TO DO: Below are the records; extract from them the line containing "mimic other conditions." to the line containing "人中短縮術(リップリフト、上口唇短縮術)の50代の女性の変化と経過", both lines included, exactly and with no pictures.

+++ DATA SHOWN +++

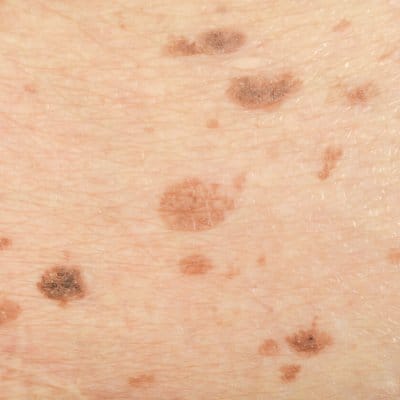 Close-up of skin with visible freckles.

+++
+++ DATA SHOWN +++

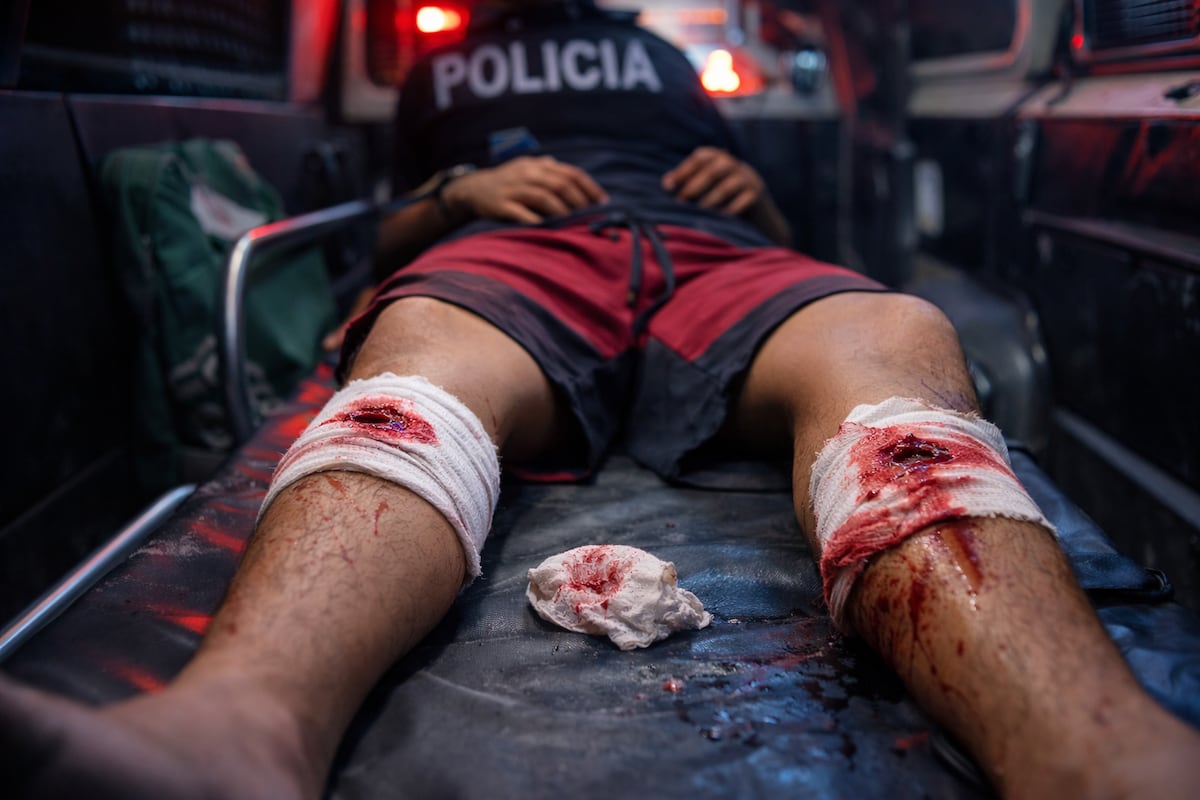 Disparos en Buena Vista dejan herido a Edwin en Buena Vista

+++
+++ DATA SHOWN +++

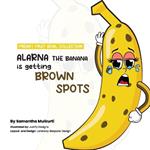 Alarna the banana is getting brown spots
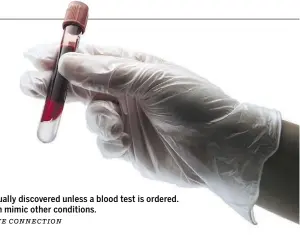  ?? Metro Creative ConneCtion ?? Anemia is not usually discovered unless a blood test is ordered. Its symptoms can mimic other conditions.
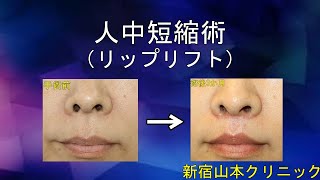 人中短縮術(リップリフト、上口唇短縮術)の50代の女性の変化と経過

+++

SOLVED PROBLEM:
  ?? Metro Creative ConneCtion ?? Anemia is not usually discovered unless a blood test is ordered. Its symptoms can mimic other conditions.
 人中短縮術(リップリフト、上口唇短縮術)の50代の女性の変化と経過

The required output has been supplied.